# ABOUT THIS EXERCISE
Only the pictures should be left out; repeat the rest of the data exactly.

# STORED DATA
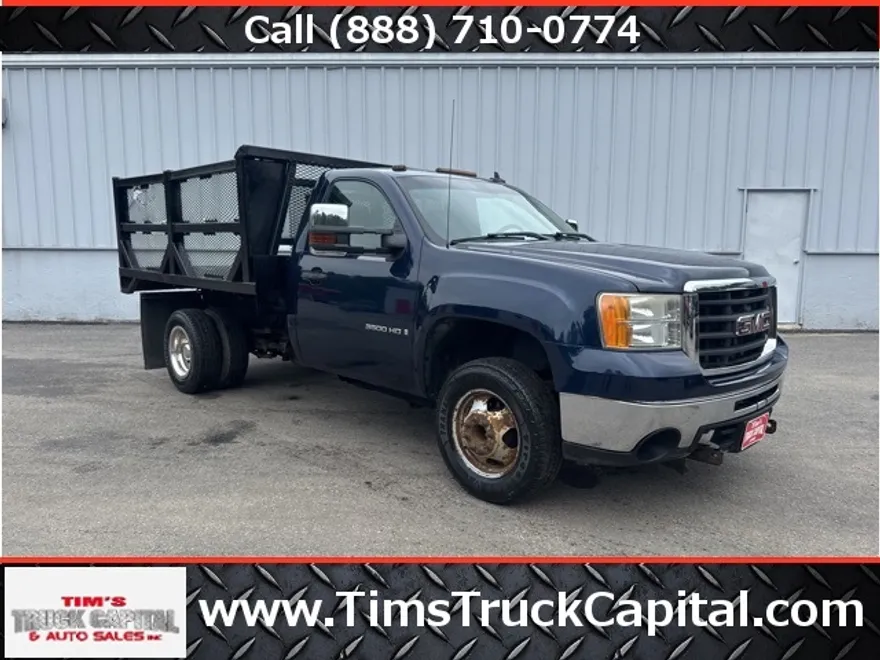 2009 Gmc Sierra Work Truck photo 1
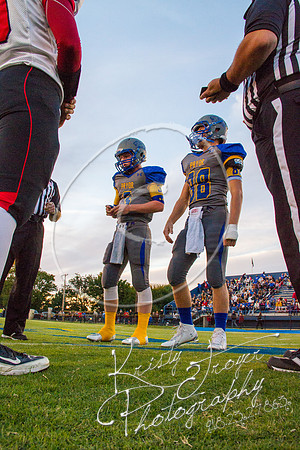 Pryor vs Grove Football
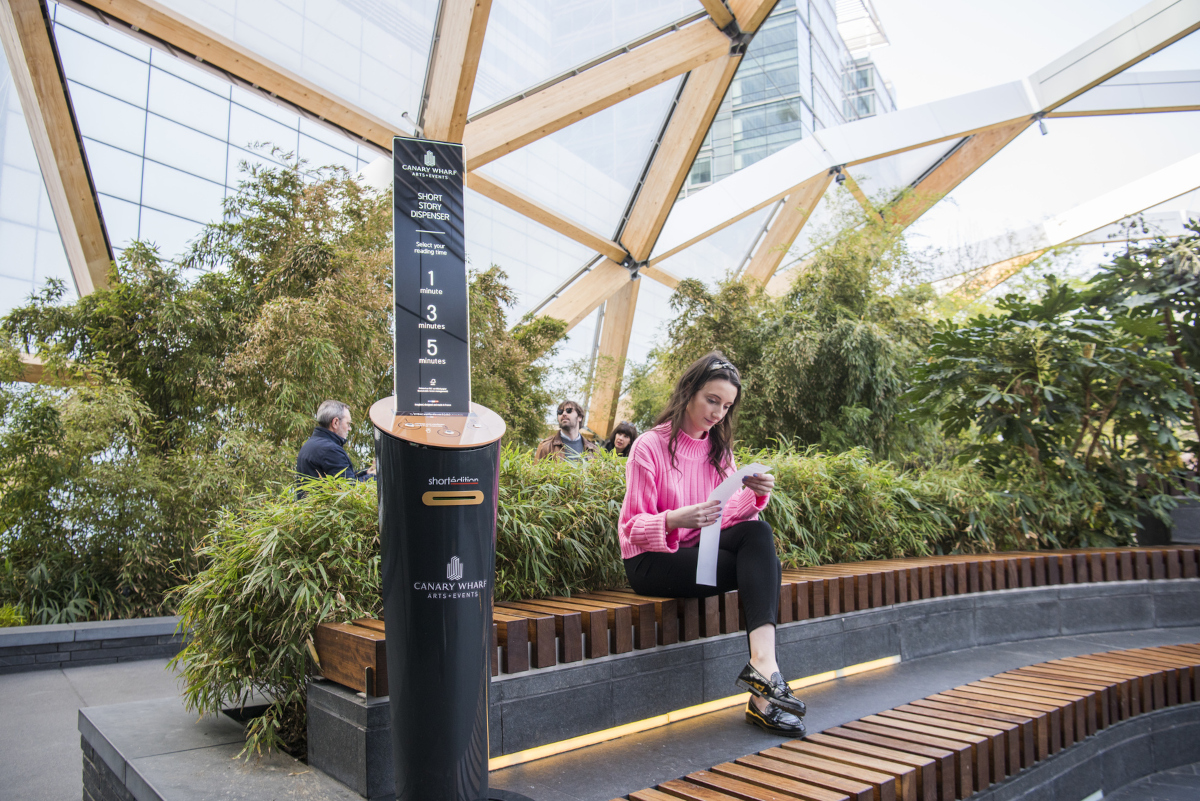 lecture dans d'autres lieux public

# ANSWER TO THE PROBLEM
 2009 Gmc Sierra Work Truck photo 1
 Pryor vs Grove Football
 lecture dans d'autres lieux public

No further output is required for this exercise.